Si la mode a le pouvoir d’imposer une image, peut-elle influer sur notre monde ?Je n’aime pas utiliser la mode à des fins politiques, mais pour créer une joie de vivre. La mode permet aux gens de se sentir bien. Elle a ce pouvoir.

Vous êtes un grand collectionneur d’œuvres d’art et de livres.En fait, j’ai toujours voulu être peintre, je peins encore. J’aime voir la beauté autour de moi, elle m’inspire. Mes tableaux préférés sont accrochés là où, chez moi, je suis le plus souvent. Je peux les regarder tout le temps. Ma collection n’est pas thématique. J’ai la chance d’avoir un Magritte, une « Lorette » de Matisse dont j’ai hérité d’un proche, des livres rares de Virginia Woolf, un ensemble de figurines de “La planète des singes”, des objets de l’icône queer Leigh Bowery. Et je suis très fier de ma collection de mode anglaise du XXe siècle, dont le premier vêtement fait main par Vivienne Westwood pour sa boutique Sex, à Londres.

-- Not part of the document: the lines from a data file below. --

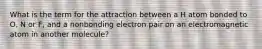 What is the term for the attraction between a H atom bonded to O, N or F, and a nonbonding electron pair on an electromagnetic atom in another molecule?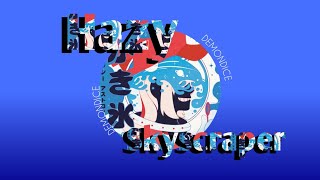 Hazy Skyscraper - Demondice【Video Lyrics】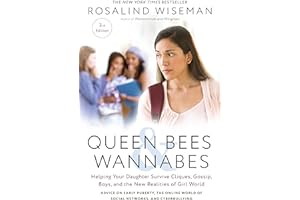 Queen Bees and Wannabes, 3rd Edition: Helping Your Daughter Survive Cliques, Gossip, Boys, and the New Realities of Girl Worl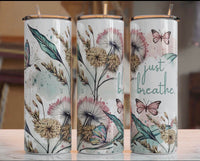 Just Breathe Dandelions Sublimation TRANSFER or FINISHED Tumblers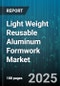 Light Weight Reusable Aluminum Formwork Market by Application (Commercial, Industrial, Infrastructure), Form Type (Column Form, Slab Form, Table Form), System, Sales Channel - Global Forecast 2025-2030 - Product Thumbnail Image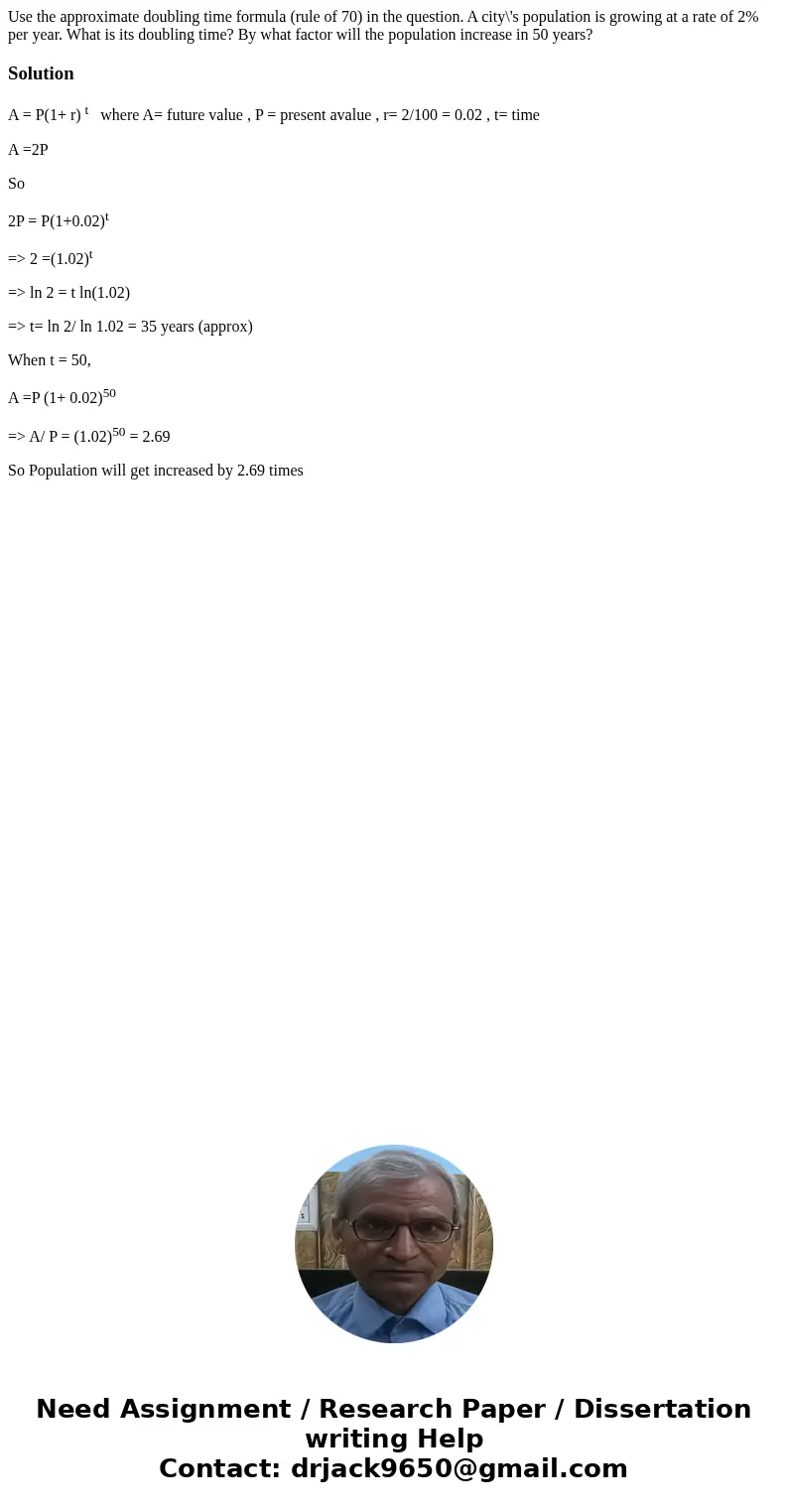 Use the approximate doubling time formula (rule of 70) in the question. A city\'s population is growing at a rate of 2% per year. What is its doubling time? By  Use the approximate doubling time formula (rule of 70) in the question. A city\'s population is growing at a rate of 2% per year. What is its doubling time? By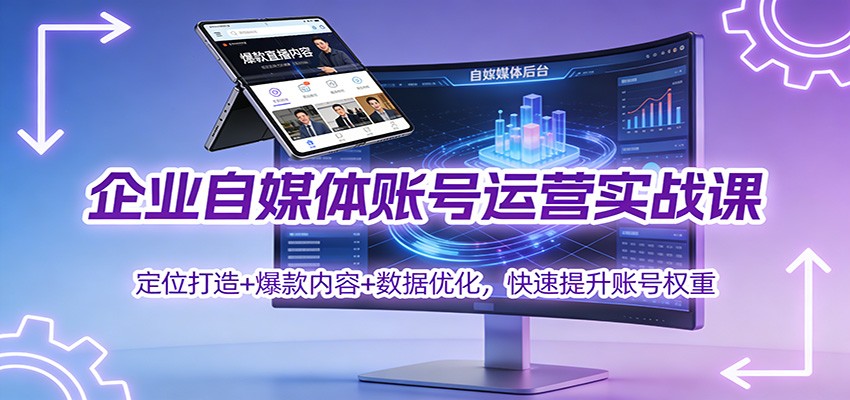 企业自媒体账号运营实战课：定位打造+ 爆款内容+数据优化，快速提升账号权重-猴哥VIP资源站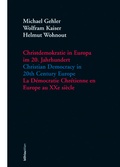 Cover: Christdemokratie in Europa im 20. Jahrhundert = Christian democracy in 20th century Europe = La de&acute;mocratie chre&acute;tienne en Europe au XXe sie`cle / Michael Gehler, Wolfram Kaiser, Helmut Wohnout (Hrsg.). - B&ouml;hlau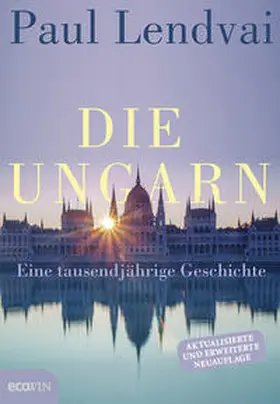 Lendvai |  Die Ungarn | Buch |  Sack Fachmedien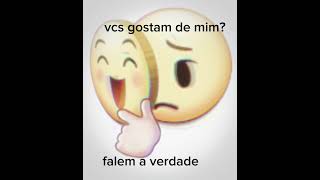 vcs gostam de mim?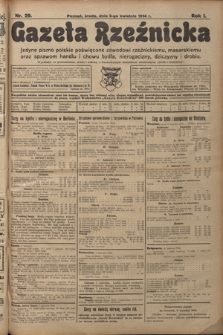 Gazeta Rzeźnicka : pierwsze i jedyne pismo polskie poświęcone zawodowi rzeźnickiemu oraz sprawom handlu i chowu bydła, nierogacizny, dziczyzny i drobiu / [red. Teodor Bobowski]. R. 1, Nr 29 (8 kwietnia 1914)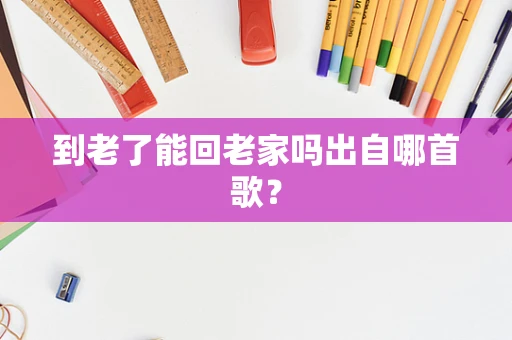 到老了能回老家吗出自哪首歌？
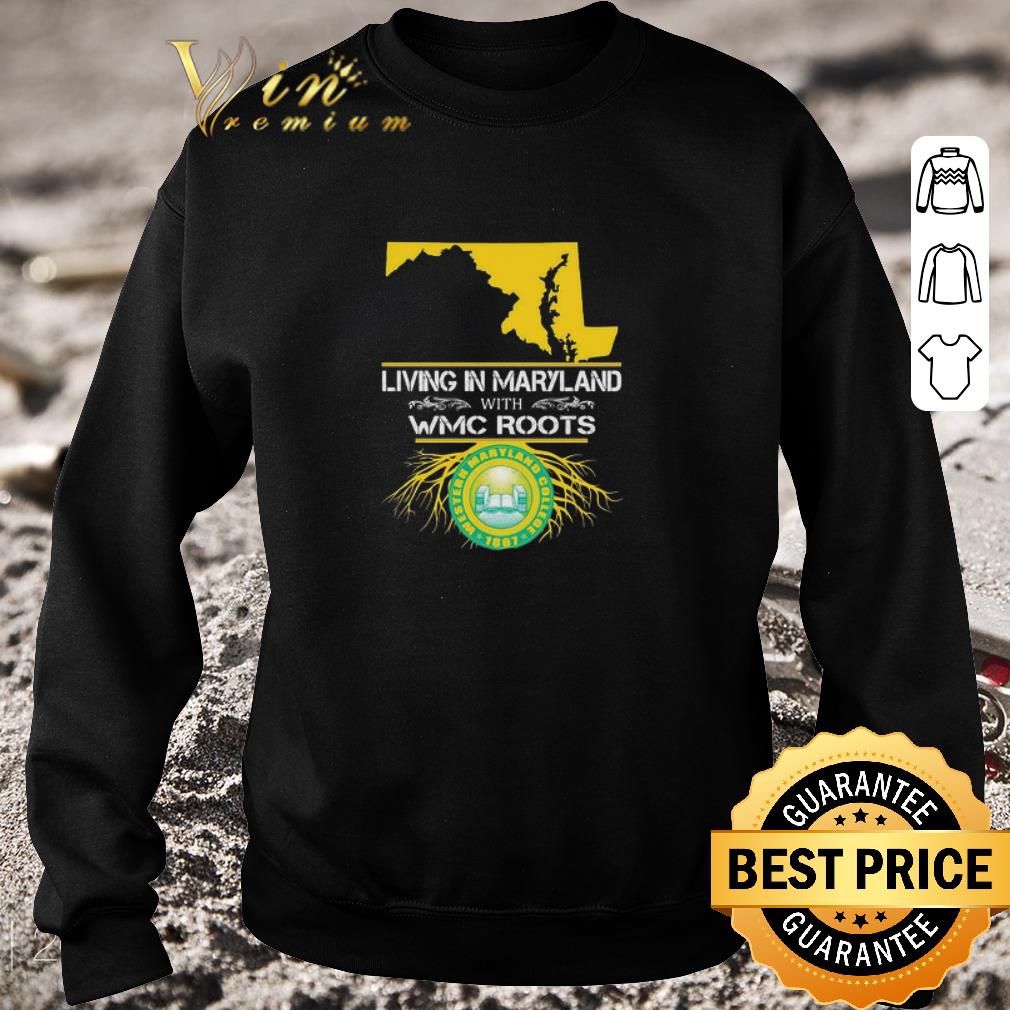 Nice Living In Maryland With WMC Roots Mcdaniel College shirt 6 Nice Living In Maryland With WMC Roots Mcdaniel College shirt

Votre premier coup de foudre “fashion” ?Un tee-shirt imprimé d’un lion, qu’il fallait laver tous les soirs pour que je puisse le porter le lendemain. Je ne le quittais jamais. Il est presque en lambeaux, je le conserve précieusement dans une boîte. C’est le premier souvenir qui me rappelle le moment où je suis tombé amoureux fou du vêtement.